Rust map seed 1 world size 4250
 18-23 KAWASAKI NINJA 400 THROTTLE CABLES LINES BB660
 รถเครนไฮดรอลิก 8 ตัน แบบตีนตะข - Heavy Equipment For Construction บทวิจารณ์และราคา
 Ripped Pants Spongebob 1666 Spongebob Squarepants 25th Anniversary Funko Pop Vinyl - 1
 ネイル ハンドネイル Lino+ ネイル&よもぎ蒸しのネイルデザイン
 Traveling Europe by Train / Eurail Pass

----

[About this task]
Starting at the line that contains "ネイル ハンドネイル Lino+ ネイル&よもぎ蒸しのネイルデザイン", retype each line through the last one in the records, both included, and add nothing.

[Response area]
 ネイル ハンドネイル Lino+ ネイル&よもぎ蒸しのネイルデザイン
 Traveling Europe by Train / Eurail Pass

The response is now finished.